Maria Luisa Angela Martinez de Leon-Rivera (born August 22, 1979), better known as Angelu de Leon, is a Filipino actress and politician.

Early and personal life
Angelu de Leon is the youngest daughter of Luis and Flora de Leon. She attended St. Joseph's College, Holy Spirit and Siena College. She made her first commercial, without her father's knowledge, when she was just ten years old. Her father eventually gave his blessing to her acting career before his death from colon cancer.

In 2016, De Leon disclosed that she had been diagnosed with Bell's palsy in 2009.

Acting career
De Leon started television acting at the age of 12. She was discovered by Johnny Manahan for a kiddie gag show Ang TV, aired on ABS-CBN. She shared screen time with Claudine Barretto, Jolina Magdangal and Rica Peralejo. After about a year on the said youth-oriented comedy variety-show, she signed up with Viva Films and transferred to GMA Network to do a sitcom called Ober Da Bakod with Janno Gibbs and Anjo Yllana.
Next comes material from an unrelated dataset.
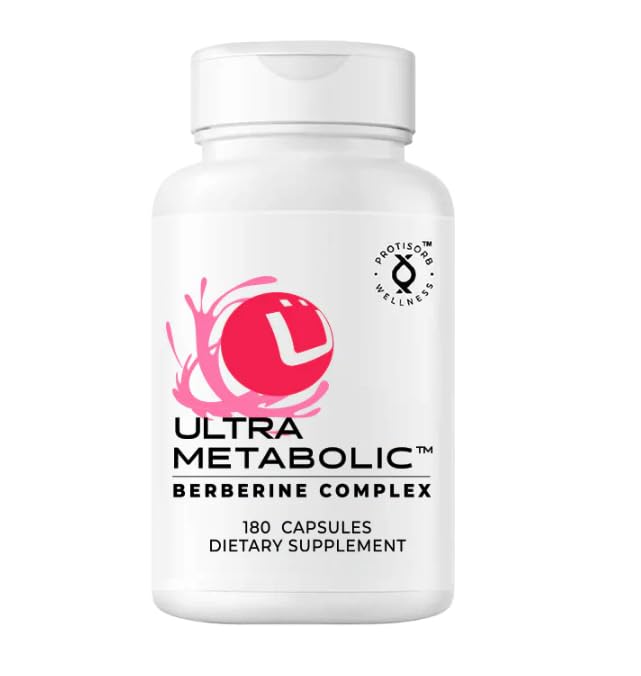 UltraCur UltraMetabolic Berberine Complex with Curcumin - 180 Capsules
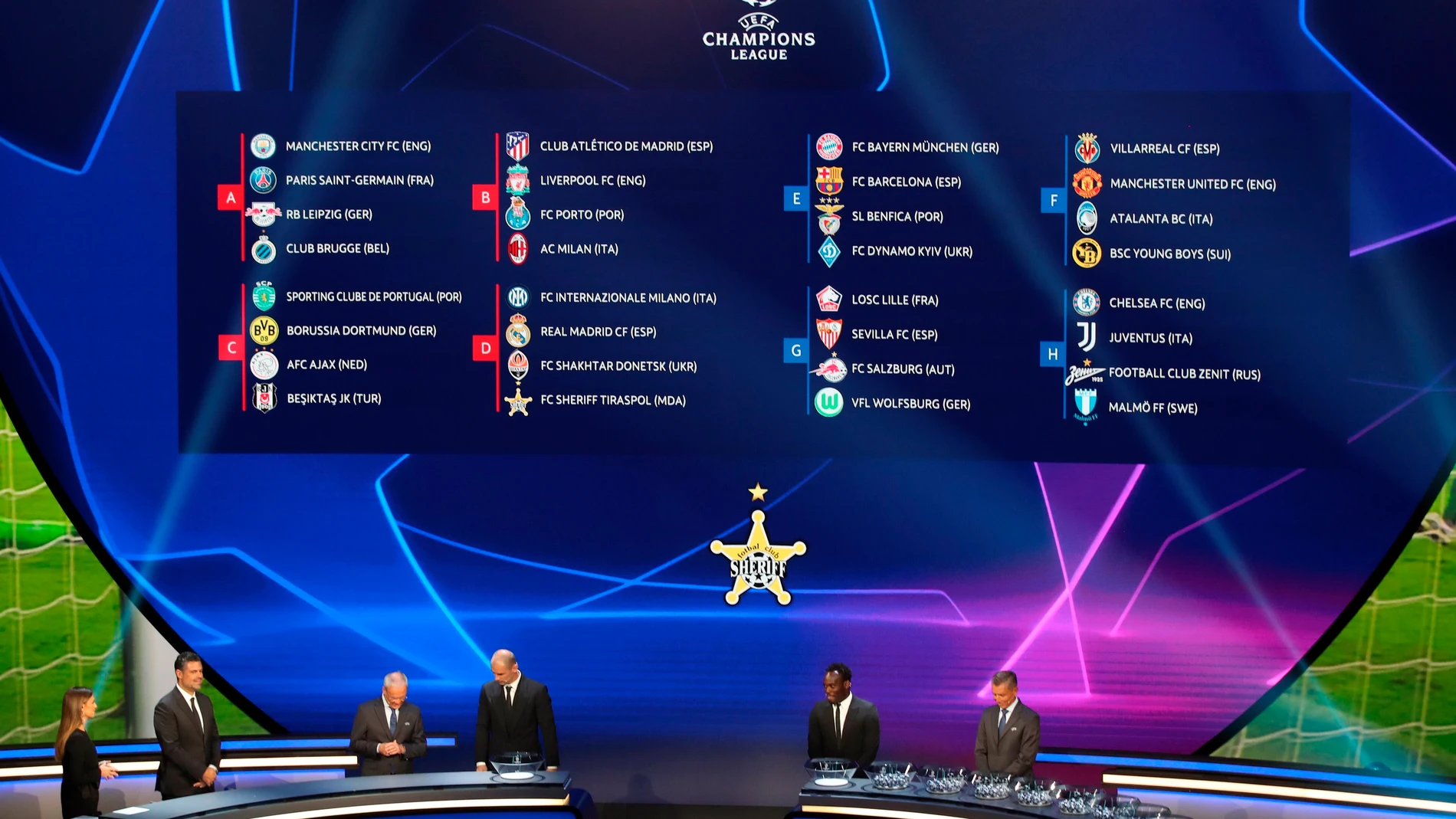 Calendario de los partidos de fase de de la Champions League 2021/22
De Leon also joined the movies, where she mostly played younger sister to more established stars. Among her early roles were appearances in Sharon Cuneta's Di na natuto; with Ana Roces, Vina Morales, and Donna Cruz in Kadenang Bulaklak; opposite Mikee Cojuangco in Forever, with Robin Padilla in P're Hanggang Sa Huli; and opposite Alice Dixson in Okey Si Ma'am.

In 1995, de Leon got her break when she was included in teen oriented shows like T.G.I.S. (Thank God It's Sabado) and Growing Up with Onemig Bondoc, Ciara Sotto, Raven Villanueva, Michael Flores, Rica Peralejo and Red Sternberg. These shows gave her a chance to team up with Bobby Andrews, and their partnership became one of the hottest onscreen love teams of her generation in the mid-1990s.  Among the noted Angelu-Bobby team-up movies were: Silaw, Takot Ka Ba Sa Dilim, T.G.I.S.: The Movie, Laging Naroon Ka, and Wala Na Bang Pag-ibig as well as their first drama series Ikaw Na Sana, which was also turned into a movie. In the early part of 1998 at the peak of her career, de Leon became pregnant by action star Joko Diaz. As a result, she had to go on maternity leave while the projects she had lined up got shelved or were passed on to other young stars. Despite being a young mother, she managed to come back from the career slump and accept mature roles assigned to her by Viva. She was on her way back to lead star status when she got pregnant again in 2001 by businessman Jojo Manlongat. De Leon has also shown her acting prowess in numerous movies and drama series. Among her appearances have been: Ikaw Na Sana (with Bobby Andrews and Gladys Reyes), Sana Ay Ikaw Na Nga (with Dingdong Dantes and Tanya Garcia), Ang Lahat Ng Ito'y Para Sayo (with Andrews), May Bukas Pa (with Dina Bonnevie and Cherie Gil), Abandonada (with Maricel Soriano and Edu Manzano), Aishite Imasu 1941: Mahal Kita (with Judy Ann Santos) and Paupahan (with Snooky Serna and Gloria Romero).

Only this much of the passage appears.